Le ministre des armées intérieures mobilise ses gardes qu’il tenait immobiles, leur envoi en renfort ses compagnies de sécurité renforcée pour réduire à néant des innocents et des fugueuses retranchés dans des champs de muguet et de mâche. Un autre de ses collègues, tout aussi inspiré fait la chasse aux riches, responsables du malheur des pauvres. Il renoue ainsi, ce ministre régalien, avec un glorieux et royal ancêtre qu’il nous avait caché : Louis XIV qui, dans un geste auguste et solennel avait signé, le 18 octobre 1685 la révocation de l’Édit de Nantes condamnant à l’exil 200.000 protestants. Ils avaient été accueillis, toutes cloches carillonnantes, en Allemagne, en Autriche, en Belgique, en Hollande, en Angleterre. Ces ennemis de la France n’en revenaient pas de ce royal cadeau fait d’or, d’intelligence, de savoir-faire, de savoir-vivre. Cette saignée nous a rendus anémiques pour toujours.

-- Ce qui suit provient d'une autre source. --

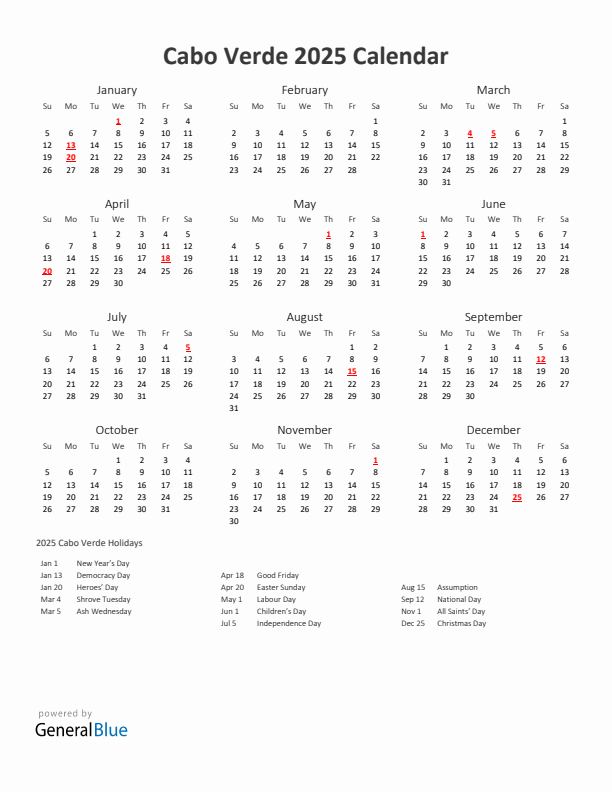 2025 Yearly Calendar Printable With Cabo Verde Holidays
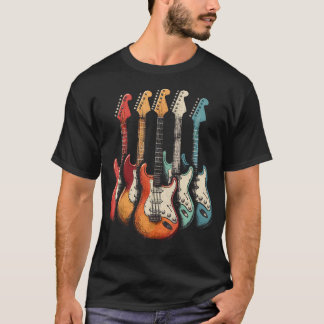 Gitarren Gitarristen Retro-Musik Gitarre T-Shirt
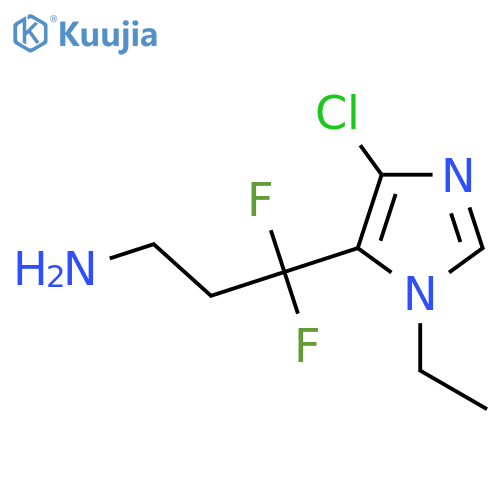 3-(4-chloro-1-ethyl-1H-imidazol-5-yl)-3,3-difluoropropan-1-amine structure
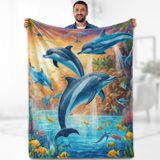 Cobertor Aimego Sea Dolphin Com Tema De Animais Marinhos 150x200cm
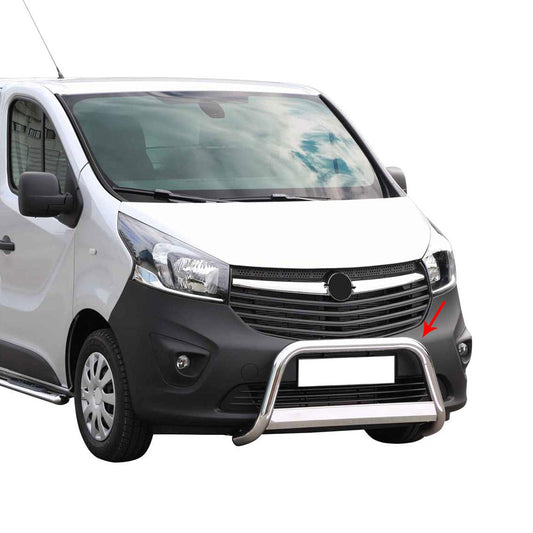 Bară de protecție/buton față din oțel inoxidabil pentru Opel Vivaro 2014-2018, gri, Ø 63 mm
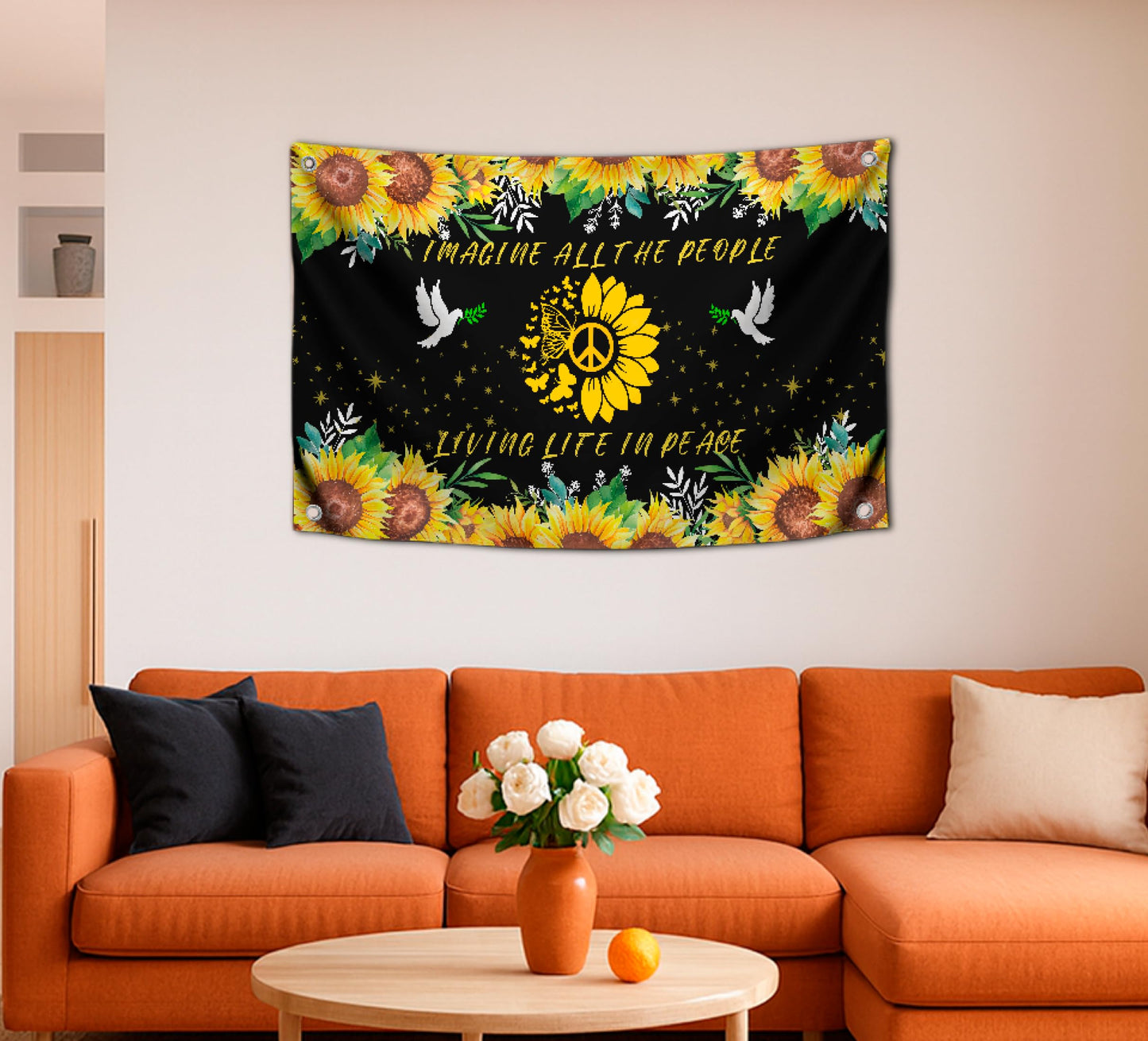 3x5 Feet Peace Polyester Flag with 4 Grommets - Imagine All The People Living Life In Peace Banners - Hippie Sunflower Single Sided Flags Garden House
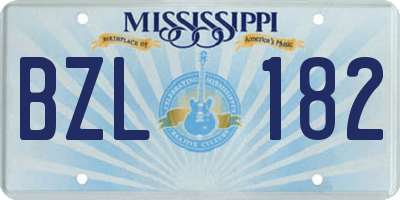 MS license plate BZL182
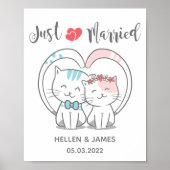 Just Married Cat Wedding Poster (Vorne)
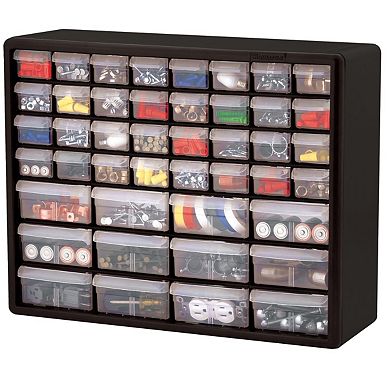 20 inches Compact Garage Storage Cabinet with Clear Drawers for Hardware and Fishing Gear, Black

Comme je vous le disais, plus on avance, mieux on recule. L’état-major de l’ennemi extérieur regroupé à Bruxelles aiguise ses couteaux avec les gnomes de Zurich cachés dans leurs coffres-forts, les traders félons de la City retranchés dans leurs backrooms infâmes et les mercenaires de Wall Street prêts à tirer leur épingle du jeu avant l’effondrement de la Baliverna. Ils n’attendent qu’un instant de faiblesse pour exiger le remboursement des prêts, la satisfaction de leurs revendications et l’abdication de notre indépendance. Mais il faut détourner l’attention de ces menaces étrangères, ne pas laisser cauchemarder sur ces cohortes mercenaires qui voudraient faire la loi dans nos cités avant de la faire dans nos foyers.

Nos gouvernants renouent avec la folie guerrière de Napoléon - quoi de mieux que la tradition ? – sans retenir les leçons de son échec. Au début, il lui fallait attaquer pour éviter d’être obligé de se défendre. L’épuisement venant, il lui a fallu se défendre contre les attaques et comme il n’en pouvait plus, ce fut Waterloo.

Nous n’en sommes pas là. Malgré la concurrence sauvage, les faux amis, les faux alliés, l’inertie, l’aboulie nous avons encore la force de tenir debout grâce aux stimulants autorisés, de garder le moral grâce à une surconsommation de tranquillisants antidépresseurs remboursables, de ne pas mendier grâce à l’assistance sociale générale. Nous sommes même capables de projeter nos dernières forces dans des offensives off-shore. Incapables de faire la paix entre nous, nous aimons jouer les faiseurs de paix dans des pays incertains, de constitution fragile, aux frontières floues, sûrs d’y laisser des plumes, d’en partir plus ou moins chassés, forts d’un masochisme ancestral, armés d’une amnésie congénitale. Nous y partons sous les vivats des bellicistes et des pacifistes sachant déjà qu’on en reviendra avec des rescapés, des éclopés, des cercueils pleurés par des veuves et des orphelins. Une fois de plus, on aura joué à la guerre perdue d’avance, là-bas aussi mal qu’ici.